Banned crypto mixer Tornado Cash (CRYPTO:TORN) has seen a significant uptick in deposit volumes in the first half of 2024, with $1.9 billion in new deposits, marking a 50% increase from the total deposits in 2023.
This resurgence comes despite the ongoing sanctions and legal troubles for its founding team.
The Office of Foreign Assets Control (OFAC) sanctioned Tornado Cash in August 2022, after discovering that the North Korean hacking group Lazarus used the protocol to launder approximately $455 million in illicit funds.
The OFAC sanctions impose a blacklist on anyone interacting with the protocol, effectively barring their wallets from being accepted at legally compliant crypto exchanges.
Despite these restrictions, Tornado Cash continues to attract large hacking groups seeking to obscure the flow of stolen funds.

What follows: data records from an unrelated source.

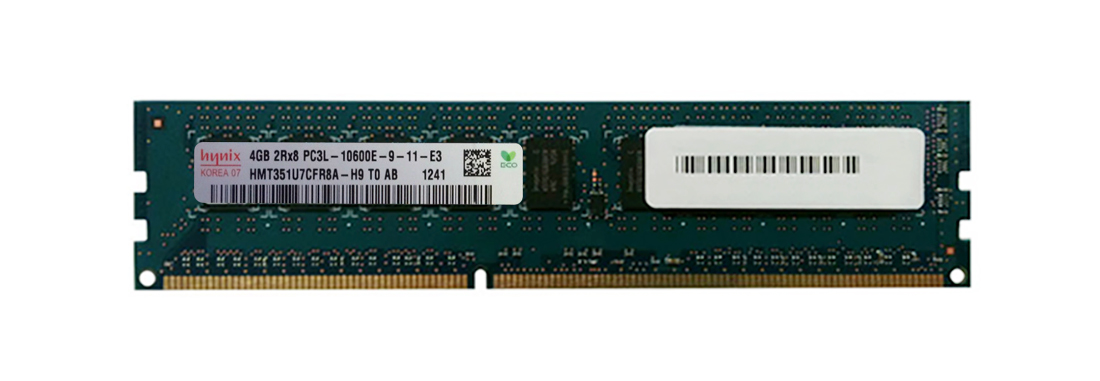 HMT351U7CFR8A-H9 Hynix 4GB PC3-10600 DDR3-1333MHz ECC Unbuffered CL9 240-Pin DIMM 1.35V Low Voltage Dual Rank Memory Module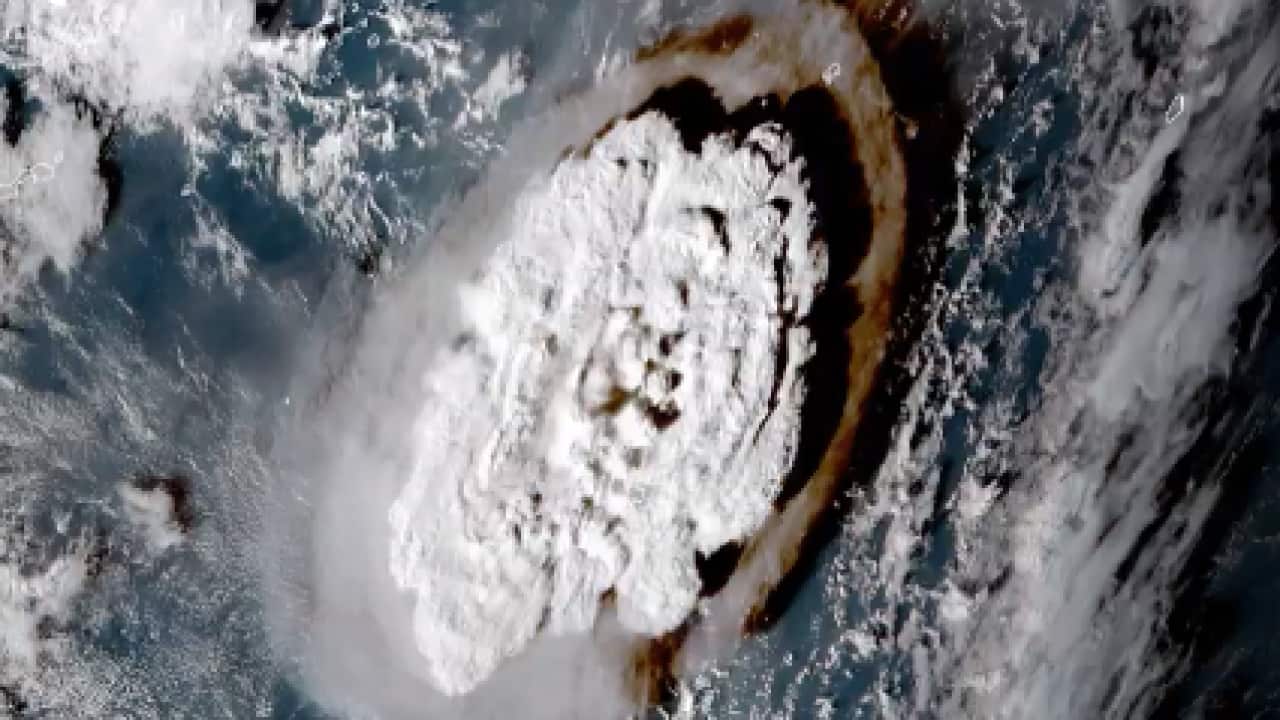 Tonga's Hunga Tonga volcano eruption is captured on satellite.
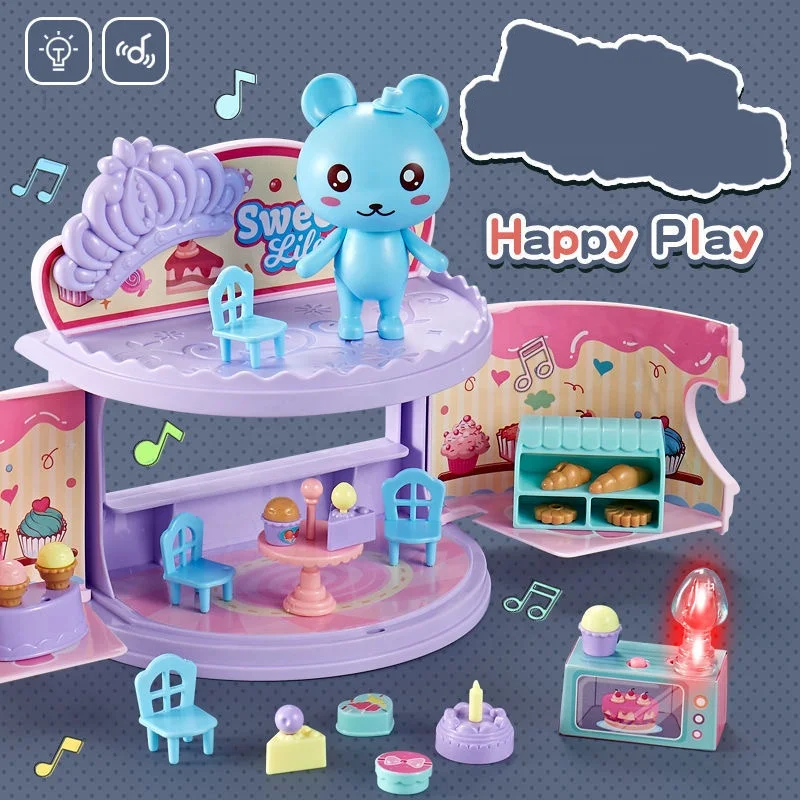 Миниатюрный милый красочный магазин конфет десертов набор музыкальный светильник ролевая игра кукольный домик игрушки для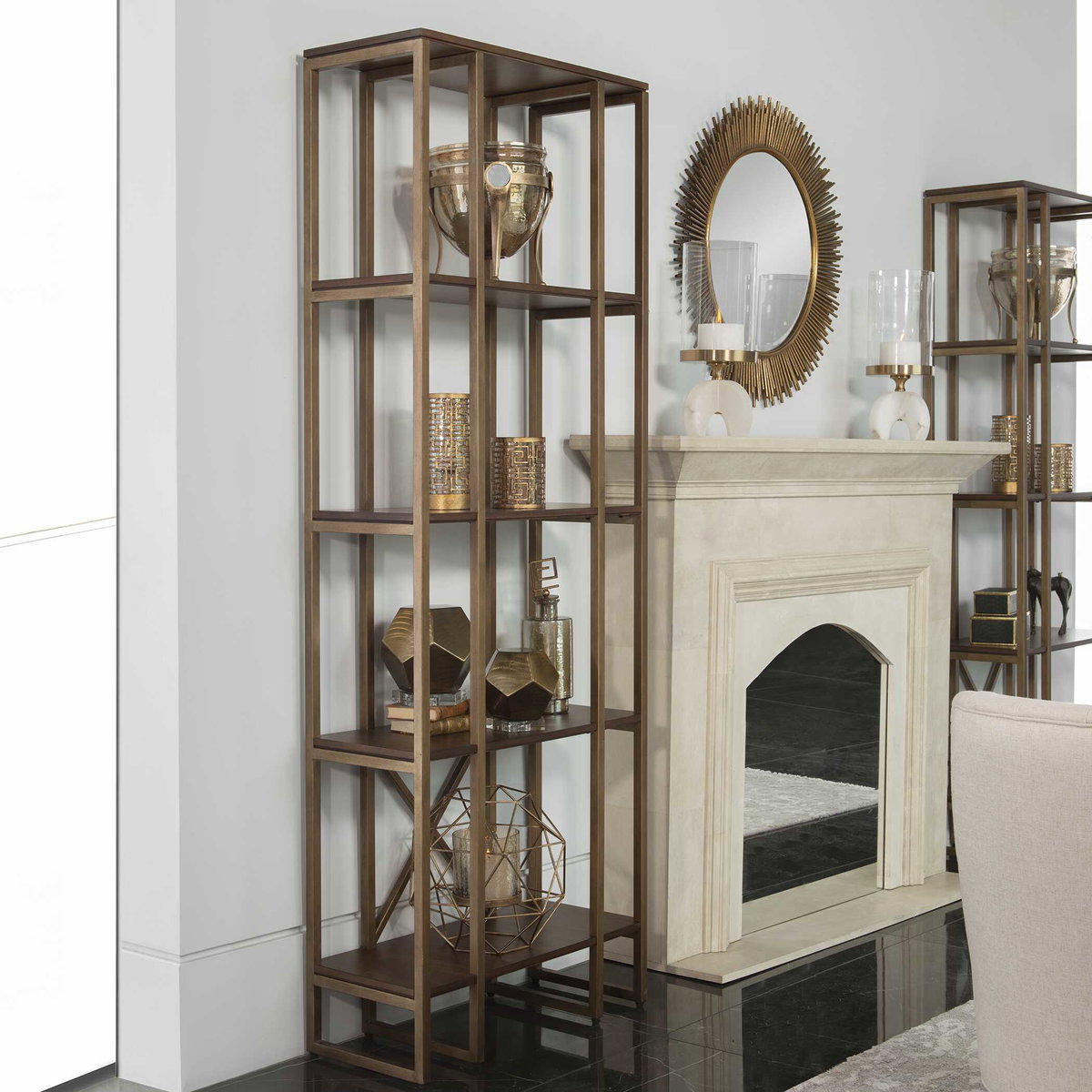 Karishma Antique Gold Etagere, Furniture by Uttermost, 32" width x 89" height x 14" depth View 2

According to Arkham Intelligence, the hacker behind the $100 million Poloniex exchange exploit transferred $76 million to the mixer since May, and the entities behind the HECO Bridge and Orbit Chain exploits moved $166 million and $48 million, respectively.
Recently, one of the wallet addresses used in the $235 million hack of Indian crypto exchange WazirX on July 18 was funded via a Tornado Cash deposit.
Ether remains the most popular crypto asset on the mixing protocol.
The sanctions against Tornado Cash have been legally challenged in an ongoing lawsuit, first filed in 2022.
Plaintiffs argue that sanctioning Tornado Cash is unlawful and unconstitutional, claiming it violates the right to free speech under the US Constitution.
Several crypto industry figures and advocacy groups, including Coinbase, The Blockchain Association, and Coin Center, have supported the lawsuit, arguing that the sanctions are unlawful.
However, the US Treasury maintains that crypto mixers like Tornado Cash pose a national security threat and that the protocol repeatedly failed to implement controls to prevent money laundering.
Meanwhile, Tornado Cash's three co-founders face significant legal challenges.
Alexey Pertsev was sentenced to over five years in Dutch prison on money laundering charges in 2023.
Roman Storm, arrested in the US in August on similar charges, pleaded not guilty and was released on a $2 million bond.
He has since filed a motion to dismiss all charges.
The legal and regulatory landscape surrounding Tornado Cash remains contentious as the industry grapples with balancing innovation and regulatory compliance.